2. I did one pass through each, pulling 3–5 juicy excerpts and pasting them into a Google Doc. I marked each with the customer’s name and timestamp (just in case).
3. Once done for all 10, I opened ChatGPT in one tab and fed each doc into the same prompt template from above.
4. I saved each summary chunk into a master file.
End result: I had one document with 10 interview summary blocks, each broken down by expectations, frustrations, workarounds, and real quotes. That doc basically became my research report. 😅
Why you still need to fact check your GPT summaries
GPT doesn’t hallucinate the way people fear *if* you constrain it well. But even in good conditions, it loves to slightly over-generalize. For example, one customer said they “couldn’t find the export button on mobile unless they rotated the screen.” GPT turned that into:
> “Users struggle to export data in mobile views due to unresponsive UI.”
Uhhh… okay, slow down. There was only *one* user mentioning that, and the actual issue was the button hiding in portrait mode — not that the entire mobile UI is broken.
So what I do now is highlight anything in the summary that feels like a *leap* in logic. Then I go back to the excerpt or transcript and double-check whether that leap is supported. If not, I revise it manually. Usually I just rewrite slightly:
> “One user mentioned they couldn’t find the export button because it only appeared in landscape view.”

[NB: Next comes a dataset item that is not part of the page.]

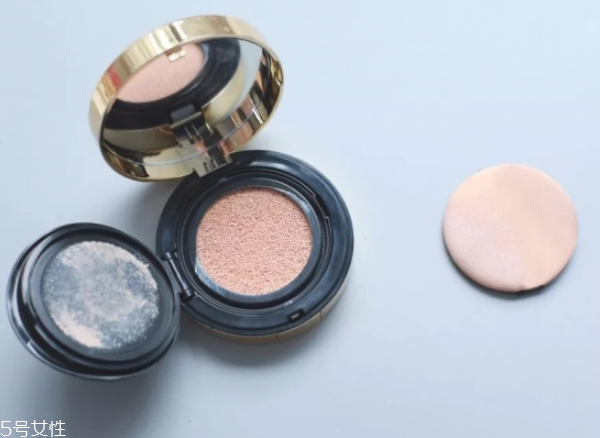 氣墊粉底哪個(gè)好用 超好用的氣墊粉底推薦 氣墊粉底哪個(gè)好用 超好用的氣墊粉底推薦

Way more accurate. Still useful.
Pulling themes or trends across all summaries
Once you’ve got clean summaries for each interview, GPT is surprisingly good at identifying common patterns across them — *if* you ask in the right way. What doesn’t work is saying:
“Find the top 3 themes across all this.”
That gets you generic stuff like:
– Users want a better experience
– Confusion on a few features
– Interest in new use cases
Cool. Thanks. Totally useless 😐
Instead, I built this prompt to do actual synthesis:
—
“Based on the following 10 customer interview insights, write down the following:
– 3 recurring frustrations you saw in at least 3 customers
– 2 unexpected behaviors or workarounds users invented
– 2 clear feature opportunities hinted at across multiple conversations
Back each point with 1 quote that roughly matches that idea.”
—
Again, it won’t do your job for you. But man does it accelerate the “What’s showing up the most?” phase. Crossing that threshold from raw quotes to themes in an hour felt like cheating.
Making your product team actually read it
This is the part we all dread, right? You did the work. You made interview summaries that feel human. You caught the patterns. And now half the team won’t open the doc unless you spoon-feed it.
What eventually helped me? I printed 1-sentence bullet insights on sticky notes. Seriously. Color-coded them by theme (yellow for friction, pink for hacked methods, green for surprise positives) and slapped them on a whiteboard in the team room.
Each bullet came straight from the summaries, written GPT-style but fact-checked by me. No fluff. One said:
> “Had to restart onboarding because they accidentally hit back, and that reset everything.”
Nobody missed the point of that one.
I think the best use of GPT here isn’t speed. It’s tone. It let me write *truthful* customer language, minus the cold analyst voice. That’s why people read them.